ESPN's NFC South reporters weigh in on which player picked in Rounds 4-7 will have the biggest impact in the division. Each team’s draft class is below the reporter’s analysis.
David Newton, Carolina Panthers reporter: Panthers FB Alex Armah. If you haven't heard of the two-way player out of West Georgia, this could help. While the sixth-round pick played defensive end and tight end most of his college career, he is a natural as a fullback/H-back. At 6-foot-2, 253 pounds, he will offer another layer of protection for quarterback Cam Newton in addition to being a weapon as a receiver. Calling him a steal might be overstated because many projected him as going undrafted. He could be called a reach. But half a dozen teams were looking at Armah, so the Panthers took the gamble on a player they really don't consider a gamble at all.

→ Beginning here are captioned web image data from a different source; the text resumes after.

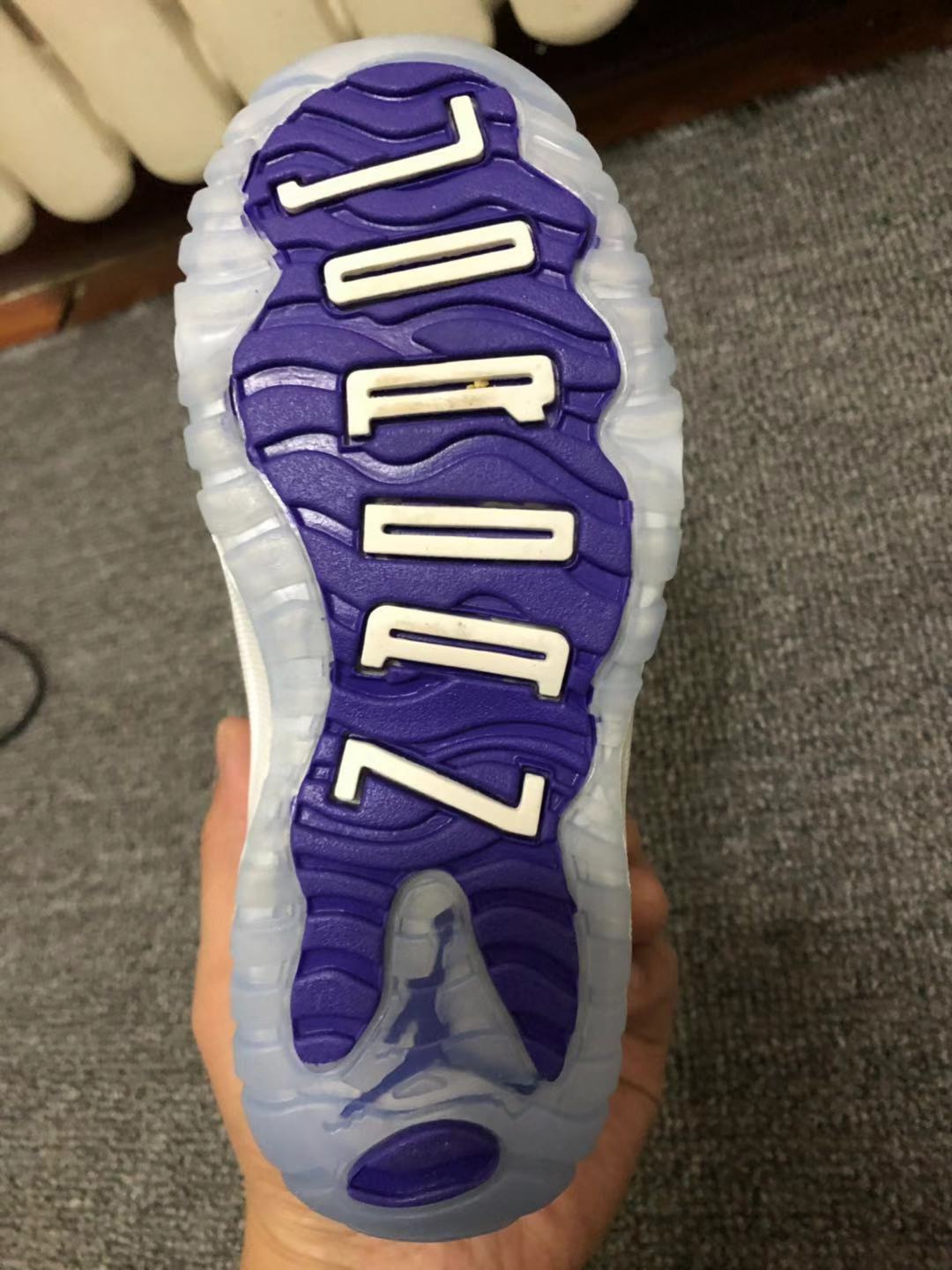 一双aj1低帮大概多重,几双比较火的aj1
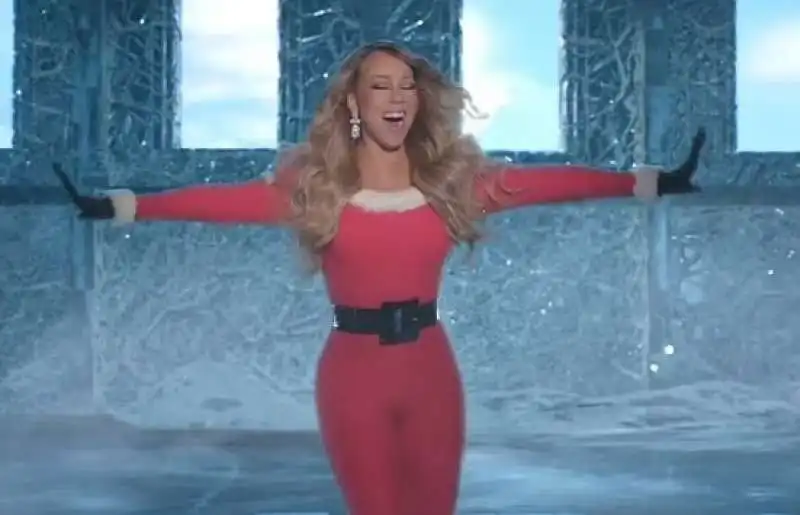 Mariah Carey - video per natale 2023 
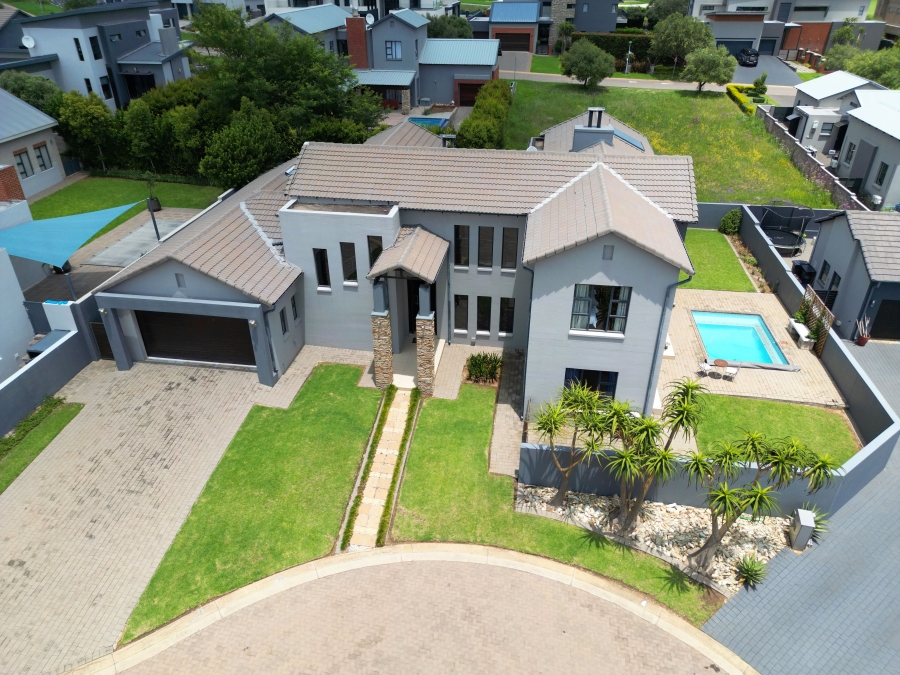 5 Bedroom Property for Sale in Copperleaf Estate Gauteng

Jenna Laine, Tampa Bay Buccaneers reporter: Panthers CB Corn Elder. He was a nice steal for Carolina in the fifth round. He can step in right away and occupy the nickelback position. It’s rare for a guy who is 5-foot-9 and 183 pounds to have his type of physicality. He’s aggressive, has great ball skills and doesn’t miss many tackles. With the struggles the Panthers’ secondary has faced since the departure of Josh Norman, bolstering that unit, even in the slot, and being able to do so with this type of value in the later rounds, is a great move.
Vaughn McClure, Atlanta Falcons reporter: Falcons DB Damontae Kazee. The Falcons loved being able to get Kazee in the fifth round out of San Diego State. Although he's small, Kazee knows how to make plays on the ball and was the school's all-time leader in interceptions. Coach Dan Quinn said Kazee will get a look at both nickel and free safety. If Kazee performs well during the offseason and preseason, maybe he'll get a shot to be a regular part of the rotation, with as much nickel that is being played these days.
Mike Triplett, New Orleans Saints reporter: Jeremy McNichols, RB, Tampa Bay. I like the potential of fifth-round nickel cornerbacks Damontae Kazee in Atlanta and Corn Elder in Carolina, but I don't see a clear path to playing time for either one of them right away. So I'll go with McNichols, who could contribute early as a pass-catcher and perhaps play a bigger role if the Buccaneers wind up playing musical chairs in their backfield like they did last year (starter Doug Martin is already facing a three-game suspension). Tampa Bay GM Jason Licht raved about McNichols' potential as a third-down back, citing his "rare hands" and pass-protection ability. But he is capable of more than that after racking up an eye-popping 3,046 rushing yards, 934 receiving yards and 53 touchdowns over the past two years at Boise State.